Sea nettle

A sea nettle swims through submerged aquatic vegetation. 

Chesapeake summers. They’re hot and humid. We are drawn to the Chesapeake Bay and its many rivers for a cooling dip.

Whether you are along a beach, dock or on a boat, there is that one animal that makes you leery of entering the water. But this intimidating creature is not a shark. The animal that rules Chesapeake Bay summer waters is the simple sea nettle (Chrysaora quinquecirrha) whose graceful, gelatinous body keeps us onshore not wanting to risk its inevitable sting.

A member of the jellyfish family, sea nettles inhabit the Bay year-round. Before taking on the distinctive umbrella shape, sea nettles go through a variety of growth stages, neither recognizable nor seen with the naked eye. It is only the fearsome adult “medusa” form we are all too familiar with.

Adult sea nettles spawn from late summer to early fall, after which they die. Males release sperm into the water and females pump the sperm-laden water through their bodies to fertilize their eggs. Females then release minute larvae known as planulae. The planulae float at the mercy of the currents and many predators, including other sea nettles. After a few days, the surviving larvae settle to the bottom.

After finding a hard surface to settle on, the planulae secrete a type of body glue and attach themselves. Rocks, oyster shells and even bottles may serve as habitat for this stationary phase. After attaching, the larvae swell and develop into flower-shaped polyps.

For most animals, the young or larval phase is the most vulnerable period. Sea nettle polyps, though, are able to ball up or “encyst” during unfavorable or dangerous conditions. This allows them to overwinter and survive other harsh conditions for months or years.

In the spring, as temperatures rise, the polyps change again. Each polyp transforms into a series of small stacked discs. Each disc then separates as tiny versions of adult sea nettles known as ephyra. These float in small creeks during April and May. As they grow, the immature nettles move out toward bigger tributaries and by early summer, into the open waters of the Chesapeake Bay. Here, they continue to grow and take on their familiar and formidable form.

Nettles’ movements are predominantly driven by wind, tides and currents. By contracting and relaxing its body, the sea nettle can, however, produce weak swimming motions.

Because of their preference for brackish to salty water, sea nettles are usually found in greater numbers in the Mid or Lower Bay. Drought conditions can increase their reach up the Chesapeake Bay.

Sea nettles cannot survive in the fresher reaches of the Bay or freshwater rivers.
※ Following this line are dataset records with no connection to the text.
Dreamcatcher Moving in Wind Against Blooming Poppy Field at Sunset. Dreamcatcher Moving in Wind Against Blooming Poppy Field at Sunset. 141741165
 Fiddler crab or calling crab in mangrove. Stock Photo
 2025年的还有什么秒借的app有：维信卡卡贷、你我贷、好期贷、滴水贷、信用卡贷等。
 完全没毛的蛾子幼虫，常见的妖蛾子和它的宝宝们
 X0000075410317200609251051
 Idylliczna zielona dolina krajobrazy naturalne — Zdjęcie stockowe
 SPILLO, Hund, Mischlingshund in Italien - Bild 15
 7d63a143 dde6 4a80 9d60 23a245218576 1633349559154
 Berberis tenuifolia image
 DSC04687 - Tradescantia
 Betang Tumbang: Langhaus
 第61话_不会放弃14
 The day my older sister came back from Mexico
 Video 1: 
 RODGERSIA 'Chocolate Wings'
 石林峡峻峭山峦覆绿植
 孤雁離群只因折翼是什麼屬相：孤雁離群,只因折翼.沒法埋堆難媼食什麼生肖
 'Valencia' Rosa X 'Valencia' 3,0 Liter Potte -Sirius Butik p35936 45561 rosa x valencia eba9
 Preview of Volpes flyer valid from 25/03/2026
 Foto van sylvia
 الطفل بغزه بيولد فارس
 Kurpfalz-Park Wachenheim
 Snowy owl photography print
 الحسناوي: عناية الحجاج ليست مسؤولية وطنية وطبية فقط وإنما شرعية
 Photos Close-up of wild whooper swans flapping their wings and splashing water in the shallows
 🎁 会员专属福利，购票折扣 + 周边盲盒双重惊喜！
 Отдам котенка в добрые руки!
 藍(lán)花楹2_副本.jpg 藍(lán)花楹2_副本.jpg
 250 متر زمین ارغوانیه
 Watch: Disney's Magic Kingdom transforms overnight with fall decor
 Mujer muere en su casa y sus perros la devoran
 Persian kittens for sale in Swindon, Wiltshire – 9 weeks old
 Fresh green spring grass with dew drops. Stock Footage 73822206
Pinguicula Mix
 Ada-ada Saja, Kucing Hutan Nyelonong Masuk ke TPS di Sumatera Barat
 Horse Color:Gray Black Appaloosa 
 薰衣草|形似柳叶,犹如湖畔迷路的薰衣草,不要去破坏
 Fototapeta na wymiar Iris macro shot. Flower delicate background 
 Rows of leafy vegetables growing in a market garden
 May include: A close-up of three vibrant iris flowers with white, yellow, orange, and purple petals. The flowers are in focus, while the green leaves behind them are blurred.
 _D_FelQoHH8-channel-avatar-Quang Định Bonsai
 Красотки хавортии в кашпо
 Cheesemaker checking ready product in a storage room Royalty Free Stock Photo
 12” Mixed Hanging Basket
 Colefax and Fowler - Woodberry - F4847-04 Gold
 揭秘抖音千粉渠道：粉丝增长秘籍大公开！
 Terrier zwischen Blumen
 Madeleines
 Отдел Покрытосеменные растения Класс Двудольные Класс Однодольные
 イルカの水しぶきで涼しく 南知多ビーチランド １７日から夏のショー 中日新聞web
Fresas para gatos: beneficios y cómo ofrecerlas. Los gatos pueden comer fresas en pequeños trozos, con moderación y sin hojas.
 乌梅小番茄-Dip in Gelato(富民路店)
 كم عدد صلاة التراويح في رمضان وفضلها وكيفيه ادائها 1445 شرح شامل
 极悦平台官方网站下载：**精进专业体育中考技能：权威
Adults favor warmer water temperatures, too. Unusually hot, dry summers will produce larger nettle populations and increase their range into the Upper Bay.

The body of an adult nettle consists of a white umbrella-shaped “head,” oral arms that digest and move prey toward the mouth, and eight to 24 tentacles that can grow to be 4–5 feet long. Each tentacle is armed with stinging cells called nematocysts. Each nematocyst contains a trigger and a venomous barb similar to a hypodermic needle.

Sea nettles are carnivorous and consume small fish, shellfish larvae, worms, zooplankton and even other types of jellyfish. Prey becomes entangled in the sea nettle’s tentacles. When touched, the stinging cells shoot a barb to sting the unwary with a potent poison. Once stung, prey is stunned and can be easily consumed by the nettle. The mere design of the sea nettle makes it an extremely efficient hunter. Broken tentacles are readily replaced by regeneration and even amputated tentacles retain their stinging abilities. Luckily for us, a sea nettle sting causes only minor irritation to the skin.

Because their body consists mostly of water, nettles are not much of a meal, and thus have few enemies. Some sea turtle species, though, include sea nettles in their diet. One turtle in particular, the loggerhead turtle, feeds voraciously on sea nettles in the Bay.

Sea nettles and their relatives have existed on Earth for nearly a quarter of a billion years. Their life cycle is perfectly adapted for the estuarine environment of the Chesapeake Bay. Looking beyond the minor inconvenience of sea nettle stings to swimmers, it’s hard not to appreciate the prehistoric beauty of these translucent creatures as a measure of simple and efficient evolutionary success.

Kathryn Reshetiloff, a Bay Journal columnist, is with the U.S. Fish and Wildlife Service’s Chesapeake Bay Field Office in Annapolis.